L'ingénieur informatique Michael Hanscom, lui, a été remercié par Microsoft après avoir publié sur son site la photo montrant la livraison de trois palettes d'ordinateurs Apple au siège de la compagnie avec la mention "Même Microsoft veut des G5".
"Max" risque-t-il à son tour d'être démasqué et congédié ? Cette question semble sérieusement préoccuper ses lecteurs, dont certains le voient déjà en écrivain à succès : "Ton style s'affirme réellement de post en post ! Chapeau !, le félicite l'un d'eux. Au moins, si tu te fais virer, tu n'as qu'à trouver un éditeur et Bridget Jones ira se coucher. Un investissement comme un autre qui te permet d'assurer tes arrières en quelque sorte. A demain."
La dépêche AFP
Du blog au livre, la chronique
à succès de Max, cadre sup désabusé
Par Audrey KaufmannAu départ, le blog de Max était juste un moyen de se défouler, la chronique internet d'un cadre supérieur désespéré par l'univers formaté de la grande entreprise. Des millions d'internautes l'ont lu et le phénomène est devenu un livre à succès.
Max est un trentenaire anonyme qui occupe une haute fonction dans une multinationale et la perdrait probablement s'il se démasquait. «Pur produit des grandes écoles» à la française, bon en maths, amateur de musique classique...
Sa plume alerte dénonce un monde déshumanisé où des cadres «clones» suivent un protocole tracé dès leurs brillantes études, où «le contrôle social est tellement intériorisé que le programme de lavage cérébral est automatique».
«La réalité dépasse largement la fiction», confie Max. Poussé par son pote Gégé, Max ouvre un «blog de décompression à usage thérapeutique» en septembre 2004, où il (dé)livre sa pensée quotidienne.
Très vite, des milliers d'internautes se délectent de ses billets, cliquant depuis la France, l'Australie, la Chine, la Malaisie... Après trois millions de visites, la page ferme en décembre 2004 au grand dam de son fan-club, parce que l'auteur part en vacances.
Description des "clones"
Les éditions Robert Laffont récupèrent rapidement l'affaire. «Le Blog de Max» publié mi-septembre en France, en Belgique, en Suisse et au Canada s'est déjà vendu à plus de 12.000 exemplaires.

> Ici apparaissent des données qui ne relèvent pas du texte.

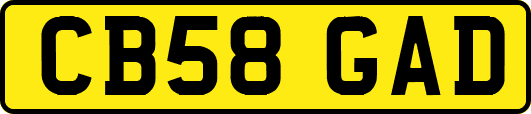 CB58GAD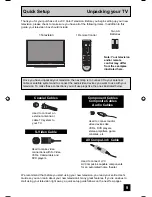 Preview for 9 page of JVC HD-52G566 User Manual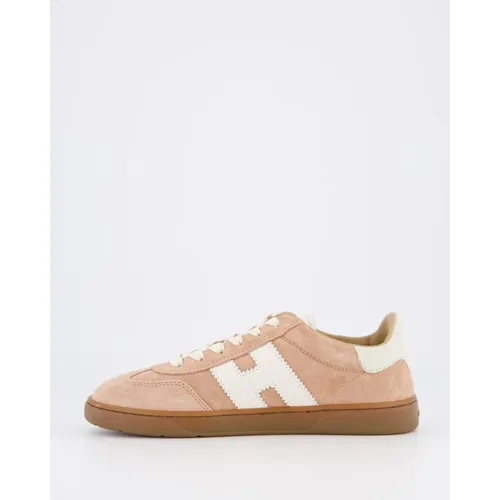Cool Lace-Up Womens Sneakers - Hogan - Modalova
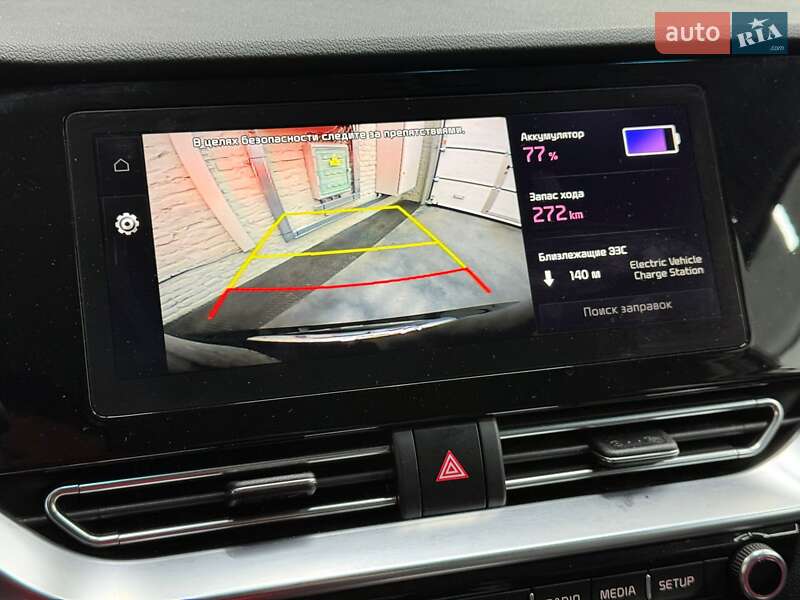 Внедорожник / Кроссовер Kia Niro 2020 в Луцке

Max y décrit les «clones» infatigables et interchangeables qui l'entourent, «chemise blanche, costume noir, montre suisse», «une meute de jeunes loups tous définitivement perdus». Leur vie est «purement synthétique», aussi les a-t-il numérotés 1,2,3,4...

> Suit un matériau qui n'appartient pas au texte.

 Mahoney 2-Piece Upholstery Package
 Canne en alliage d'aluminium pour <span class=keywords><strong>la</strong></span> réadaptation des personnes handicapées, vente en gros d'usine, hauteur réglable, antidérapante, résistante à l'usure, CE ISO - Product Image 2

«Chaque jour je vois mes collègues s'asseoir sur leurs séants et polir sagement leurs existences, s'appliquant à en élaguer les plus infimes imprévus», écrit-il. «Le Boss reste admiratif devant tant d'abnégation».
Max dit travailler dans une «cinglerie», une «turbine à fric». Il prône la «démission mentale» et pratique la «pipotique» (dans des rapports, il écrit n'importe quoi, du «pipo»).

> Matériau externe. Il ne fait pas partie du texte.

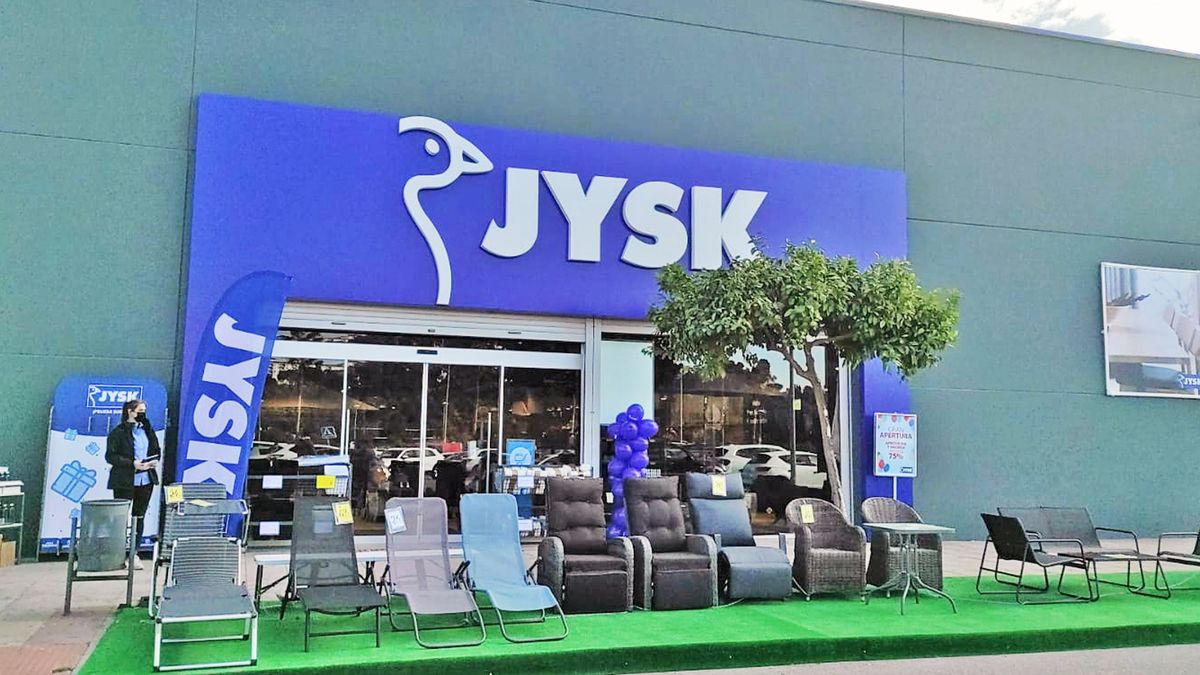 Así es Jysk: el Ikea danés de los muebles acelera su expansión en España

Dans le délicieux monde de Max, il y a le pot du vendredi, avec distribution de résultats hebdomadaires. Les crasses faites aux collègues. La collection de photos coquines de Gégé. ‘Ensemble, Max et Gégé élisent «Miss Passante», la plus jolie piétonne repérée depuis la fenêtre du bureau. Pour recruter, ils font un «CV basket»: on froisse les CV, afin de leur donner du «relief», on en fait une boule, on vise la corbeille. Seuls les CV n'ayant pas atteint la cible sont retenus.
«L'entreprise est un outil économique qui fonctionne très bien mais qui a indûment investi le champ des valeurs, et moi, je refuse d'être "corporate"», explique celui qui réclame un espace «où le risque existe encore». Depuis la parution du livre, Max reçoit chaque jour des dizaines d'e-mails. Beaucoup de gens approuvent sa critique et son cynisme, dit-il. D'autres l'accusent de profiter du système.
Max, qui envisage de rouvrir «bientôt» son blog, a «souvent eu peur d'être démasqué». «Dès le début, je savais que j'allais démissionner un jour», dit néanmoins ce père de famille. S'il vend 100.000 exemplaires du livre, il part.
En 2004, Corinne Maier, cadre moyen chez Electricité de France (EDF), avait écoulé en quelques mois plus de 200.000 exemplaires d'un pamphlet intitulé «Bonjour paresse». Traduit en 25 langues.